- _Task to complete_
Look through the records below, and copy out every line that holds the string "leaves".

- _Exercise input_
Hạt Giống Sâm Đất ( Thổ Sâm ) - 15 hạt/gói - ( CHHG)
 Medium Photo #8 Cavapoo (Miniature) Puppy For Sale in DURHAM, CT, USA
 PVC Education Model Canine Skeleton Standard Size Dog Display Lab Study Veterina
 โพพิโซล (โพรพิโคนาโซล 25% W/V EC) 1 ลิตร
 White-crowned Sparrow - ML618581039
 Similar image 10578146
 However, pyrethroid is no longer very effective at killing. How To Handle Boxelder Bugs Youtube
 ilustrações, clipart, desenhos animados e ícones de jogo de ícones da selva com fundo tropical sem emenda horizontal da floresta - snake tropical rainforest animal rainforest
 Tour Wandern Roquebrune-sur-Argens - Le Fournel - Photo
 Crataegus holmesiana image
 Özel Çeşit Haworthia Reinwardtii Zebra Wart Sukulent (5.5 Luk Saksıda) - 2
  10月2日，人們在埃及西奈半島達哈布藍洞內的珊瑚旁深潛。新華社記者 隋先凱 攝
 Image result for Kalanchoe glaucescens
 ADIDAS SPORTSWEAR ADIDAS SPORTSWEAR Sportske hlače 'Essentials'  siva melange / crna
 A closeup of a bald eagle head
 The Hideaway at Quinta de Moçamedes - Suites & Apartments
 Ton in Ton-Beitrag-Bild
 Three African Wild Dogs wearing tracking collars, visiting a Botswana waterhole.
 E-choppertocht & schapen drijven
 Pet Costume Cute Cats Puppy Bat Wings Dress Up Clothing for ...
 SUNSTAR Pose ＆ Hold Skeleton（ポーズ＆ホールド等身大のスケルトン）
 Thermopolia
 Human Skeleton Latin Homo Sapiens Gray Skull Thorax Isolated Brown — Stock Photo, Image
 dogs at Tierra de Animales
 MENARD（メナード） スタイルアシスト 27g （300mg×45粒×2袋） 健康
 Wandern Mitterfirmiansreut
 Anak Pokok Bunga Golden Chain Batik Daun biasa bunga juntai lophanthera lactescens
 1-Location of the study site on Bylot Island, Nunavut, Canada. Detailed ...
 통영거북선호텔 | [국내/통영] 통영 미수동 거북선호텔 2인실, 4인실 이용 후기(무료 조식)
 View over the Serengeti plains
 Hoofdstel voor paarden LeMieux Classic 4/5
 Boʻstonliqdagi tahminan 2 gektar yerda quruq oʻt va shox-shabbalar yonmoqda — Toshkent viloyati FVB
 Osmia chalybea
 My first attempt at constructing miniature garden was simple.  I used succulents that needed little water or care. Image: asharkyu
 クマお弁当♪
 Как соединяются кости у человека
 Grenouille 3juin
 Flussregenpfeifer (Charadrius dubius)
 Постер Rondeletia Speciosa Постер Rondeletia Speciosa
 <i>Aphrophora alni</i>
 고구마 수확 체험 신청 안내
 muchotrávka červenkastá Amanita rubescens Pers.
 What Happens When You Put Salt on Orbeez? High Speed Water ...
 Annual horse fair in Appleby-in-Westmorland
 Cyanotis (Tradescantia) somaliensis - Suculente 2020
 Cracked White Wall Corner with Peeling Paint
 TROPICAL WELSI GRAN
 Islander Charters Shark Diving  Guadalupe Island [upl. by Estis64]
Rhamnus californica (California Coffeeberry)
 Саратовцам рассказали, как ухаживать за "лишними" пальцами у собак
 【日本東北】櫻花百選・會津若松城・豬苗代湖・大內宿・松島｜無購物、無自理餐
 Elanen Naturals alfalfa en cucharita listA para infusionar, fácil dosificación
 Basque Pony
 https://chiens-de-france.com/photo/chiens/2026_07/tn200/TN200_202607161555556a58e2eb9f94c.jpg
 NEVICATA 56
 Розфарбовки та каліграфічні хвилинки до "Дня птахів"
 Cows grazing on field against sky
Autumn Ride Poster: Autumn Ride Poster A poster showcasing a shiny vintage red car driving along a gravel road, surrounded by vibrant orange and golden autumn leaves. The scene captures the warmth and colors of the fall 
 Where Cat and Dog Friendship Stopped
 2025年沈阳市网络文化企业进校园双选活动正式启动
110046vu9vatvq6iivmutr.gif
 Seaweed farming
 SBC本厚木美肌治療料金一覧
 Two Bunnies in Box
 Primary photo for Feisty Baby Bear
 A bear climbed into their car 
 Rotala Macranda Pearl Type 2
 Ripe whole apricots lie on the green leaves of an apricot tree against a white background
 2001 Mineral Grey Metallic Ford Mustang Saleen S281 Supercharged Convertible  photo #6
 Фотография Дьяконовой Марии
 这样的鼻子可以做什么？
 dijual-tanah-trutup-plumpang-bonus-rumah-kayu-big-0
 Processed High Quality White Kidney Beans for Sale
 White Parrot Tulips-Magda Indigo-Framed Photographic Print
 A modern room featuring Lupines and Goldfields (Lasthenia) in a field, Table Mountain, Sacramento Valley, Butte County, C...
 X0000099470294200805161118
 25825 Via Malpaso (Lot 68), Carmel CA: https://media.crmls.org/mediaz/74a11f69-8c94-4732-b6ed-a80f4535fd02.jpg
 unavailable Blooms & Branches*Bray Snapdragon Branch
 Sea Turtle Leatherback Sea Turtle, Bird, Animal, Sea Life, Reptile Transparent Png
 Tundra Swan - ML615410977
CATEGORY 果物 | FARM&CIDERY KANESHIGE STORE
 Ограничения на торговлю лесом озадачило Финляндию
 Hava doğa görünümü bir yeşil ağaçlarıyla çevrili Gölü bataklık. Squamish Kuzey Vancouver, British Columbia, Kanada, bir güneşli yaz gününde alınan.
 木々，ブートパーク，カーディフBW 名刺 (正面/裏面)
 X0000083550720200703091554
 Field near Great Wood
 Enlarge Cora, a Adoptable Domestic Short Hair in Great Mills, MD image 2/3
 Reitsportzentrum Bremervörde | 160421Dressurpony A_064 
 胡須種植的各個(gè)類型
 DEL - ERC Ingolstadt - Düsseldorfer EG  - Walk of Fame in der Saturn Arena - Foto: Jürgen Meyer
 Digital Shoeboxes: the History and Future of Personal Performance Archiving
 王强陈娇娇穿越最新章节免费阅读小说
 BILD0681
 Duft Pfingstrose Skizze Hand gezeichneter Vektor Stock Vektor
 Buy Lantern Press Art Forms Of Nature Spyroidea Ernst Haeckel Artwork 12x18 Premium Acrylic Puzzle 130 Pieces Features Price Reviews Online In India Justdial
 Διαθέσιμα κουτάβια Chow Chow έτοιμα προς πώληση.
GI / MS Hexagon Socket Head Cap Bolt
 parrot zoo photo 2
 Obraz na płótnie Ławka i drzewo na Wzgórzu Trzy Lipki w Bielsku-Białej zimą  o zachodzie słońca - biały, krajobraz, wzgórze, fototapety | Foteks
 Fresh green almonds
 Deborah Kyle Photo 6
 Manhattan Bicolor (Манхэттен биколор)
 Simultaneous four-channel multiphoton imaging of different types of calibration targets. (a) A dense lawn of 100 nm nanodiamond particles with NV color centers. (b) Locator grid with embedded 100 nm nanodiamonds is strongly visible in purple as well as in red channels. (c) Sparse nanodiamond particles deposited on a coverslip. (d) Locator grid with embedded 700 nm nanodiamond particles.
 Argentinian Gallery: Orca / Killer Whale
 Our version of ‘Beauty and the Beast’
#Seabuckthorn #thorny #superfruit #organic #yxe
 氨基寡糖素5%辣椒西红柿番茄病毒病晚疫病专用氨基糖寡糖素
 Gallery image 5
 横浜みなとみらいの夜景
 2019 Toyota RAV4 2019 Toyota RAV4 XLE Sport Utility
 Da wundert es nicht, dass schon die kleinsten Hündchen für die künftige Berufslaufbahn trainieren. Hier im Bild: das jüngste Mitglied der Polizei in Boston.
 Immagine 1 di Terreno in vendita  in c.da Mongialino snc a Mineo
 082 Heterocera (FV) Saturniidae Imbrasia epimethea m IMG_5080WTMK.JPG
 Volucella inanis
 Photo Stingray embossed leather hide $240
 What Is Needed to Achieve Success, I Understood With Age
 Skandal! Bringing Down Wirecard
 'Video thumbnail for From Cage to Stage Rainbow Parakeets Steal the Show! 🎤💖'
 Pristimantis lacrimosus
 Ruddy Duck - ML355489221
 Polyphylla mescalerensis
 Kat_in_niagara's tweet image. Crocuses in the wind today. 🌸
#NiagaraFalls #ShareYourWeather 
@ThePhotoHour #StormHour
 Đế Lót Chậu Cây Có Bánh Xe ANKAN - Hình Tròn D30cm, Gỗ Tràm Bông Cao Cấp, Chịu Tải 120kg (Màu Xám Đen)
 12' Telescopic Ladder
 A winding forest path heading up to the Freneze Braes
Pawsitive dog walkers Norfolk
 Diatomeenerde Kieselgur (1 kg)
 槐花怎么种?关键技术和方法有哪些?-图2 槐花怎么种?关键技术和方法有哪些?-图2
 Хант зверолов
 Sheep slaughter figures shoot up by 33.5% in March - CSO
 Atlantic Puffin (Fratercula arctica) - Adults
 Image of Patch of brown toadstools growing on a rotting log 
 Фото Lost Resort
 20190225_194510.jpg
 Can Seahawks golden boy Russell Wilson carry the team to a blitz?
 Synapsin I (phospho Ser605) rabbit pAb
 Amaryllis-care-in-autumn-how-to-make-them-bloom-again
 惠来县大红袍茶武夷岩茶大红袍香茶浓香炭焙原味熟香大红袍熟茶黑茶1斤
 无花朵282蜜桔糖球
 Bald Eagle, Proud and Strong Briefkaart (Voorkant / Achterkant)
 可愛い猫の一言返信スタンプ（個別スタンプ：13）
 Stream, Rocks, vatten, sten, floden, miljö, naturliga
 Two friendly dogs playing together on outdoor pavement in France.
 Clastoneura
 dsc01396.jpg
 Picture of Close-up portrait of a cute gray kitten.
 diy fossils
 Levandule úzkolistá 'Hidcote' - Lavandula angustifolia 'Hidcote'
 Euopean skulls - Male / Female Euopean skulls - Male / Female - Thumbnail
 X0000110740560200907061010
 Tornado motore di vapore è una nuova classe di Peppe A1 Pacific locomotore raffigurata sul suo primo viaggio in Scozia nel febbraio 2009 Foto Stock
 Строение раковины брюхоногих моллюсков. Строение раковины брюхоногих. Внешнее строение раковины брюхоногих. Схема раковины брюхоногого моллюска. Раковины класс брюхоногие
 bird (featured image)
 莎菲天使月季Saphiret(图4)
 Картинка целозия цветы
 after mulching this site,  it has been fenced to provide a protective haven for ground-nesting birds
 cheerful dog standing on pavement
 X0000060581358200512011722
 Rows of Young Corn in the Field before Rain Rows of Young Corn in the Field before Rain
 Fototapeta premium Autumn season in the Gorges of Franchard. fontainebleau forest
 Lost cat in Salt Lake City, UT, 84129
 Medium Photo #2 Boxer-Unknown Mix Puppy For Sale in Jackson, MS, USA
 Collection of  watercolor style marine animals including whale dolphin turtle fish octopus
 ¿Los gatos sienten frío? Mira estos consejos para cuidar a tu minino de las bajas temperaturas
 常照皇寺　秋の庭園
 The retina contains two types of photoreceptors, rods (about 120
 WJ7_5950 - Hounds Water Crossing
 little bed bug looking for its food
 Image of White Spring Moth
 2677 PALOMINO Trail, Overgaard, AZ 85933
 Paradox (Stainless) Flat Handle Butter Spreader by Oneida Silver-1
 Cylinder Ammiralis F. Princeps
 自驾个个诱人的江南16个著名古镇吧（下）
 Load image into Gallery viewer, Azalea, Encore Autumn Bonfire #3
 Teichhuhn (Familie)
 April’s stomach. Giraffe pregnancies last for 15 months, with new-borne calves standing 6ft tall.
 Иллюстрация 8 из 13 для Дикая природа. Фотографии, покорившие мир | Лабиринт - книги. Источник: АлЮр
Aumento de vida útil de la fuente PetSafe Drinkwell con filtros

- _Answer to this task_
Autumn Ride Poster: Autumn Ride Poster A poster showcasing a shiny vintage red car driving along a gravel road, surrounded by vibrant orange and golden autumn leaves. The scene captures the warmth and colors of the fall 
 Ripe whole apricots lie on the green leaves of an apricot tree against a white background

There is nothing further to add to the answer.